1. INTRODUCTION
Staining of histological sections permits observation of characteristics otherwise not distinguishable. Staining depends on the physicochemical structure of dyes, tissues, and the composition of cells [1 - 3]. Tissue components get stained by absorbing the appropriate wavelength of light and allowing the microscopic study of tissue morphology to diagnose abnormalities. There are two types of stains based on the production method, natural and synthetic [4]. Natural dyes are obtained from plants, animals, and minerals. Examples include hematoxylin, carmine, saffron, indigo, Berberine, Orcein, and Litmus [5]. Hematoxylin, a routine nuclear stain employed in histology, is obtained from the logwood called Hematoxylin campechianum [6]. Carmine, a dye from the insect Dactylopius Cacti, demonstrates nuclei, chromosomes, or mucins, depending on the formulations. Synthetic dyes, on the contrary, are produced by chemical Reactions and include Eosin Y, Basic fuchsin, Picric acid, Aniline blue, and Toluidine blue.
Natural dyes were the only ones available to scientists for histological staining until the first synthetic dye was discovered in 1856 [7]. However, rapid research in chemistry has led to synthetic dye alternatives pushing the natural dyes into oblivion. Despite their wide use, some synthetic dyes have been shown to cause hazards to human and animal health and have been withdrawn. Increased risks of occupational morbidity and mortality have been associated with the use of synthetic dyes globally [8]. The preparations of synthetic dyes are very hazardous and laborious. The hazardous effects of these reagents of synthetic dyes by frequent usage pose a health threat to laboratory professionals. Hence, replacing them with bio- friendlier and less toxic natural dyes is necessary for sustainable development.
However, natural dyes are often times more expensive than synthetic dyes, in that regard most users of dyes prefer synthetic dyes to natural dyes not considering the hazardous nature of these synthetic dyes.

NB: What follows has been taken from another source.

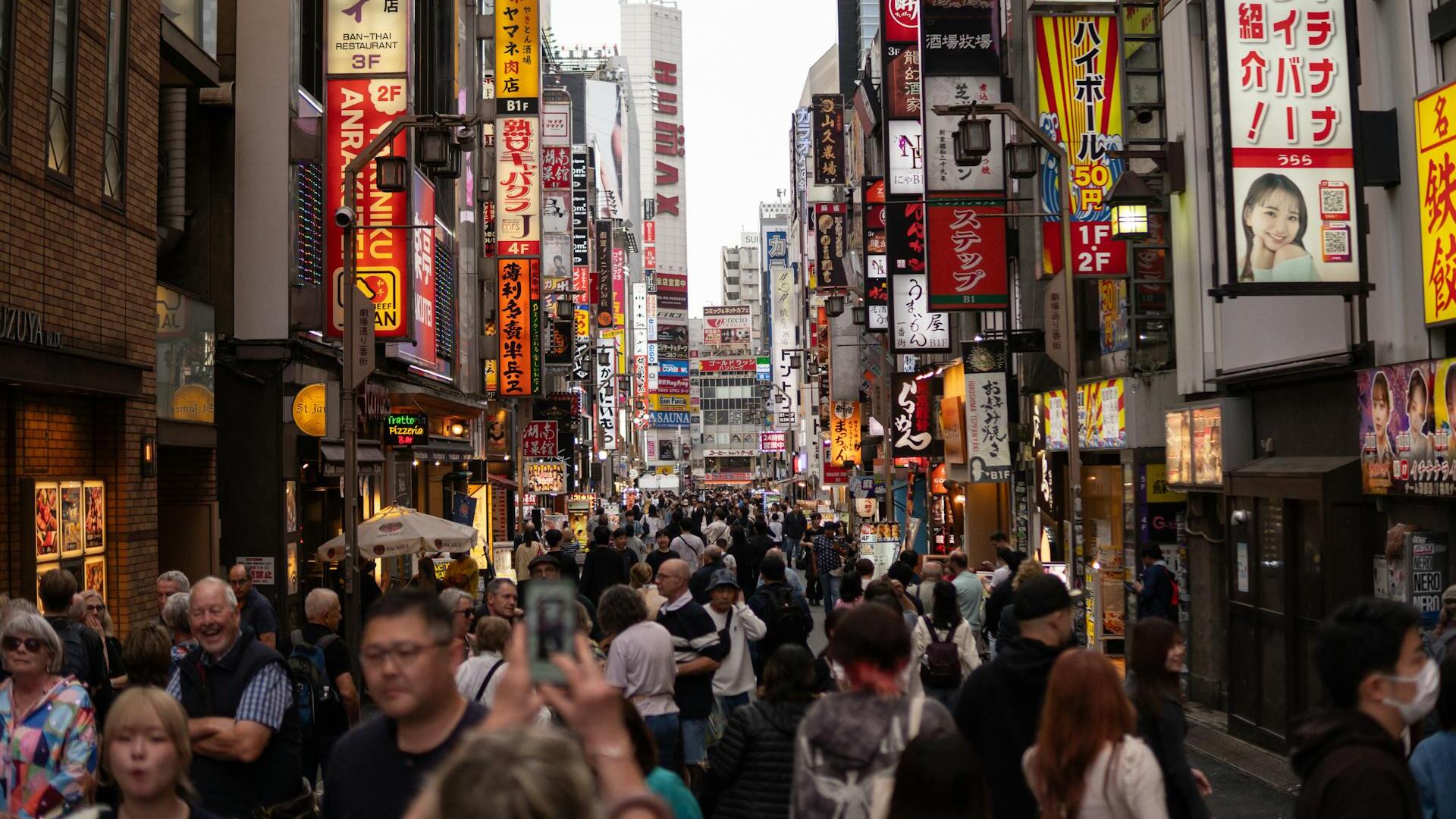 APAC trades mixed; traders eye Fed cut, Aussie inflation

Nonetheless, there is the belief that in the near future natural dyes will be an economically and environmentally viable option. Despite their frequent use, synthetic dyes are becoming increasingly expensive, and many small laboratories in developing countries cannot afford them.

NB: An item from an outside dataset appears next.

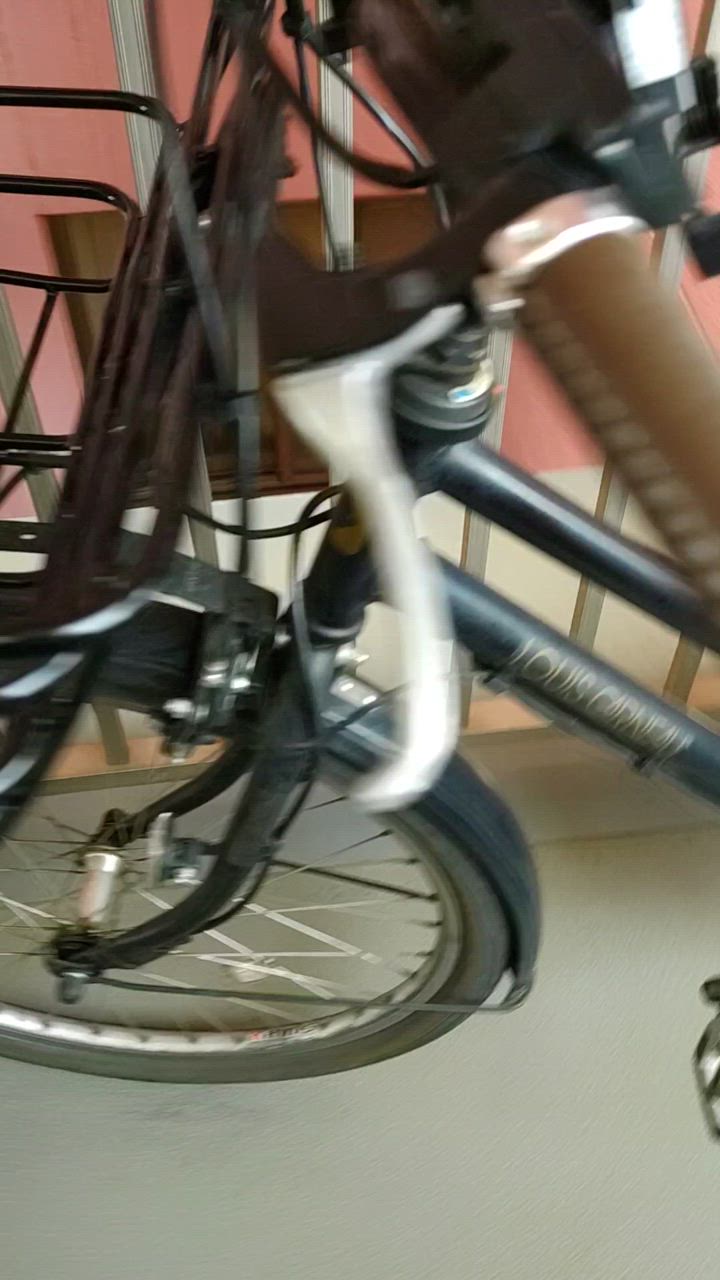 ほぼ新品　自転車　オフィスプレスコミューター　前カゴ、バックミラーその他付属 あさひ（自転車） 「送料無料」「あさひ」オフィスプレス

Dyes produced from the root, bark, and fresh leaves of the Teak plant have been used for paper products, matting, and clothes producing yellow-brown or red-brown colors. Dyes from the teak tree leaves have been employed in the textile industry to print colorful woolen and cotton fabrics.
Teak leaves have been used to impart color to cotton and woolen fabrics in the textile industry. Also, recent studies have demonstrated that fungal structures such as mycelium stained reddish-brown with T. grandis leaves extract and stood out well against a suitable background stain [8].
However, it has not been shown that this extract can be used to stain animal tissues; therefore, this research sought to explore the staining properties of the teak tree’s young leaves extracts in histopathological applications.
2. MATERIALS AND METHODS
2.1. Study Design
The research was an exploratory, experimental study conducted at the histopathology laboratory of the Ho Teaching Hospital in the Volta Region of Ghana. Ethical approval was sought from the University of Health and Allied Sciences, Research Ethics Committee (UHAS-REC A.10 [48] 20-21) and permission to use the bovine tissue from the Veterinary Services, Ho (NoMA/VR/VSD/VAL/84/1).
2.2. Collection of Tectona grandis Leaf
Fresh teak young leaves were obtained from the Titrinu teak plantation, located on the outskirt of Ho Municipality. The teak tree’s young leaves are brown in color while the mature leaves are green (Figure 1).
The harvested leaves were rinsed thrice with tap water and twice with distilled water to remove impurities, including soil dust and avian fecal droplets that settled on the leaves. The prewashed teak leaves were shade dried in a dust-free environment for ten days.
2.3. Powderisation of Tectona grandis Leaf
The shade-dried leaves were finely ground into powder form, using a motor-operated domestic mixer
![]()
Figure 1. Mature (blue arrow) and young (black arrow) leaves of the Teak plant (project site).
grinder at 220V/2200 rpm, then stored in an amber-colored dry container for further usage.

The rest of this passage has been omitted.